Most ratings within the peer groups were affirmed but three funds were downgraded, along with one upgrade, one new rating and one fund reinstated from being ‘on hold’, according to S&P’s review of the income, multi-manager, quantitative, and unconstrained groups.

BT Geared Imputation W and BT Imputation Sh W funds were downgraded from the top five star rating to four stars because S&P has not yet had sufficient opportunity to build full conviction in new managers Jim Taylor and Andrew Waddington, S&P stated.

The CFS Imputation Fund was upgraded to four stars, primarily due to S&P’s strong confidence in the depth of the team’s industry and stock research, as well as improved stability under the leadership of Marcus Fanning, S&P stated.

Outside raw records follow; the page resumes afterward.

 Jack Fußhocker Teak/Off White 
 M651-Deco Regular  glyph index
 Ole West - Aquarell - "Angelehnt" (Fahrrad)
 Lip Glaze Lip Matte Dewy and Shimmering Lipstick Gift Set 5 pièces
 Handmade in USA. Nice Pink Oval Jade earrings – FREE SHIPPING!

The CFS Acadian Wholesale Australian Equity fund was also downgraded to three stars based on S&P’s lowered conviction in its ability to meet its performance targets.

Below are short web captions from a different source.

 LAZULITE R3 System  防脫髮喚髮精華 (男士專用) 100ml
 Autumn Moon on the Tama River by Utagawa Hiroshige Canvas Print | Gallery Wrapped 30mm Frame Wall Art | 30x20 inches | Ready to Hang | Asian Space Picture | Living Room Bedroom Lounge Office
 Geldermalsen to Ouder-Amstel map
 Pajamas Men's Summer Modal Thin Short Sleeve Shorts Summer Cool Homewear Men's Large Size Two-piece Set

“We did not identify a standout quantitative or multi-manager strategy, reflecting our modest conviction levels in these two peer groups,” said S&P Fund Services analyst James Gunn.

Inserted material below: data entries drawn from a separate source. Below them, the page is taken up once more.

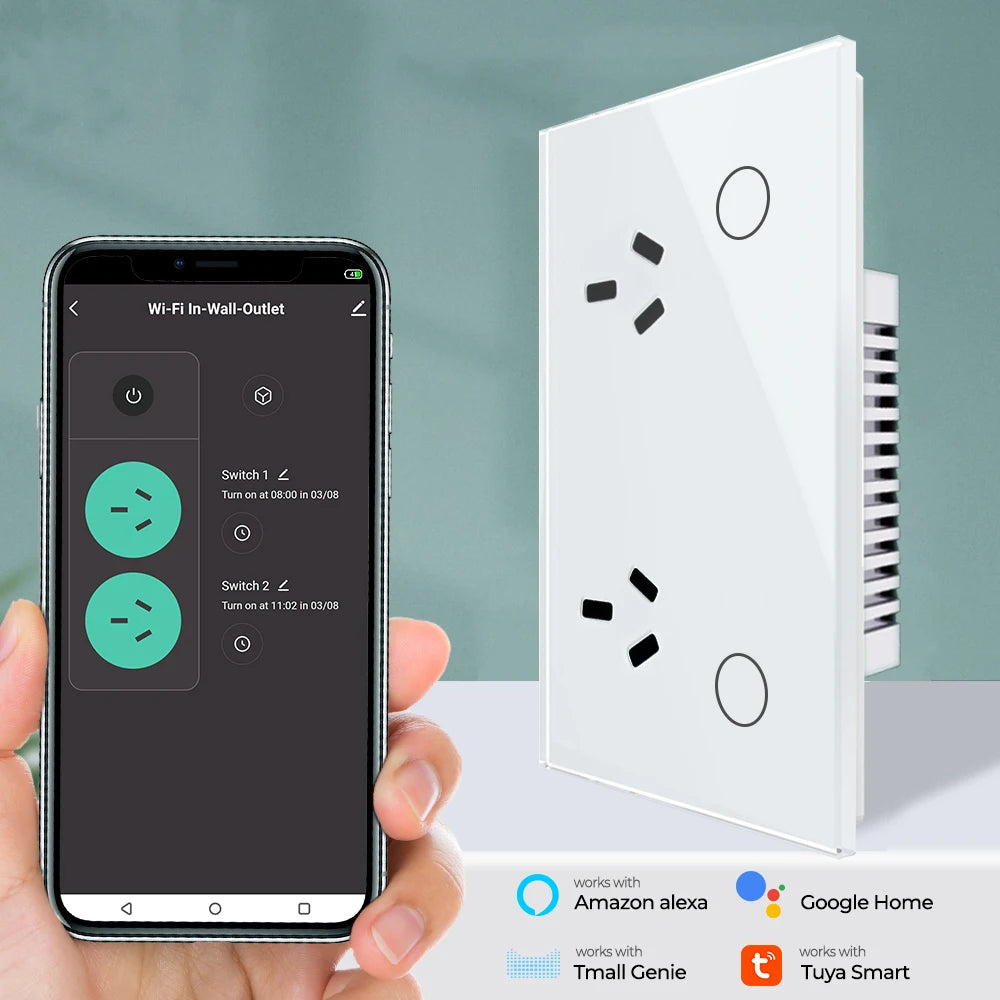tuya 15A AU Argentina Panel Wall Socket WIFI White Crystal Glass Touch Timmer Power Outlet Smart Home Voice Google Home Alexa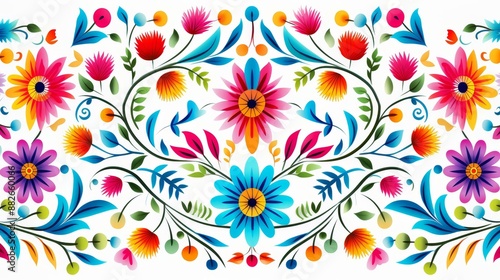 Vibrant Mexican floral design on a white backdrop. © CrazyJuke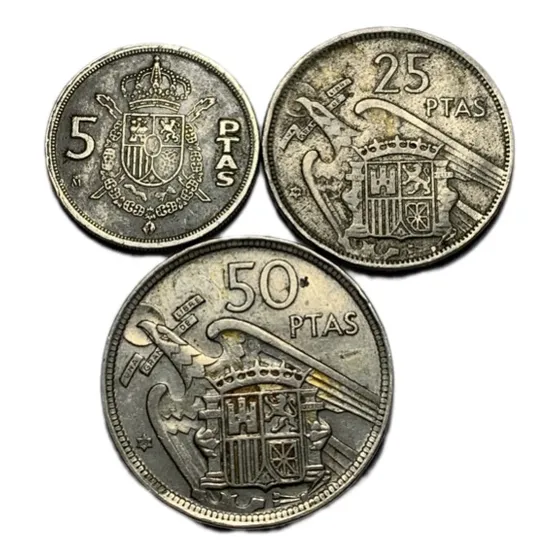 Espanha- 5 Pesetas 1983 E 25 E 50 Pesetas 1957- Frete Grátis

Quantitative managers have generally delivered improved performance outcomes over the past 18 months, and demonstrated a strong focus on implementing new and unique signals to address the problem of the “crowded trade”, where a large weight of quantitative money chases the same investment themes, he said.

“Nevertheless, we believe these enhancements need to be proven in a live environment over a longer period and currently we don't believe one manager is necessarily ahead of the pack,” he added.